● **Exercise goal**
Please return the full listing word for word, leaving out any pictures.

● **Data below**
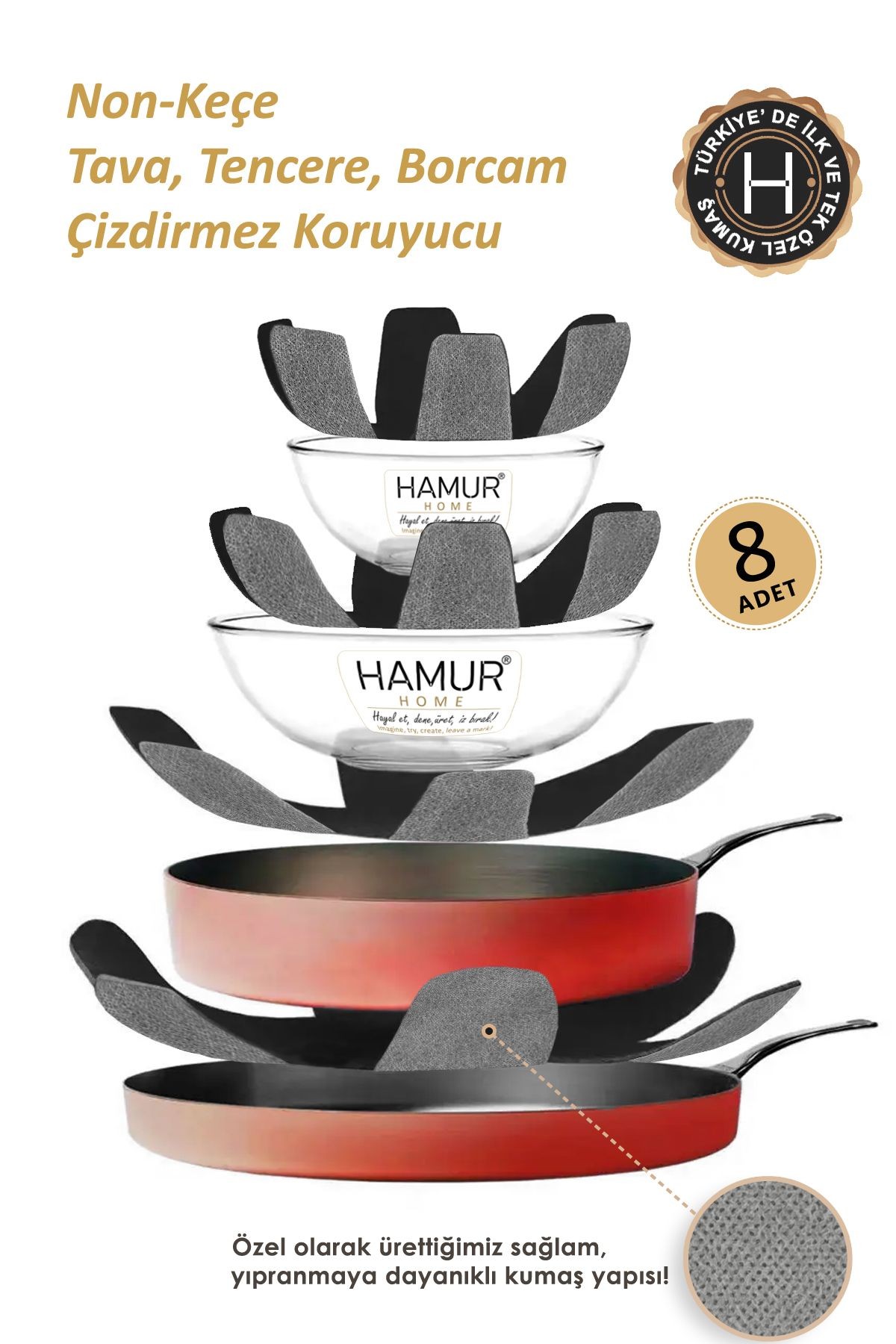 Non-Keçe Tencere Tava Koruyucu 8'lü Set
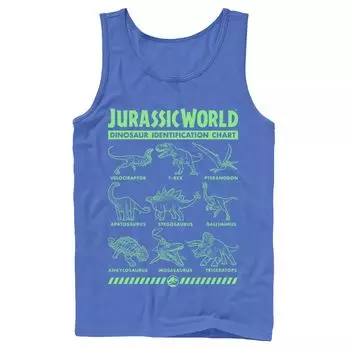 Мужская майка Jurassic World Two Dino Gradient ID Chart Licensed Character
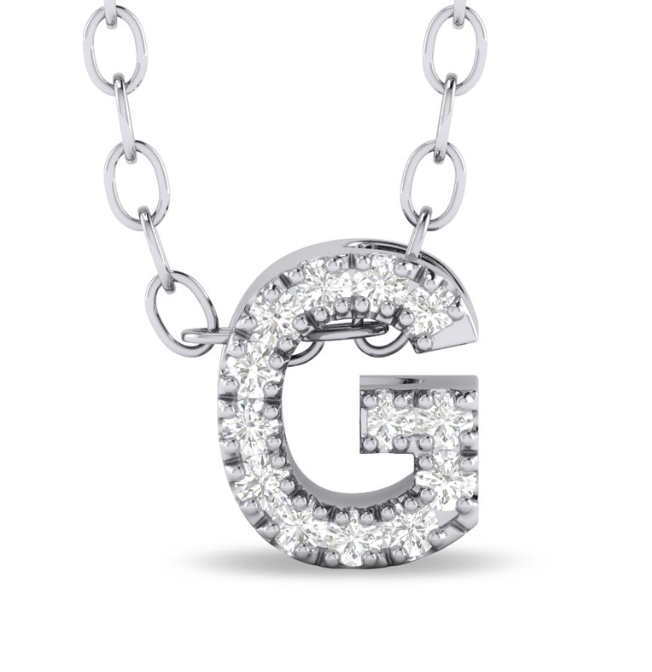 10W 0.07ctw Diamond "G" Pendant on 18" Cable Link Chain with Spring Ring Clasp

● **Answer area**
 Non-Keçe Tencere Tava Koruyucu 8'lü Set
 Мужская майка Jurassic World Two Dino Gradient ID Chart Licensed Character
 10W 0.07ctw Diamond "G" Pendant on 18" Cable Link Chain with Spring Ring Clasp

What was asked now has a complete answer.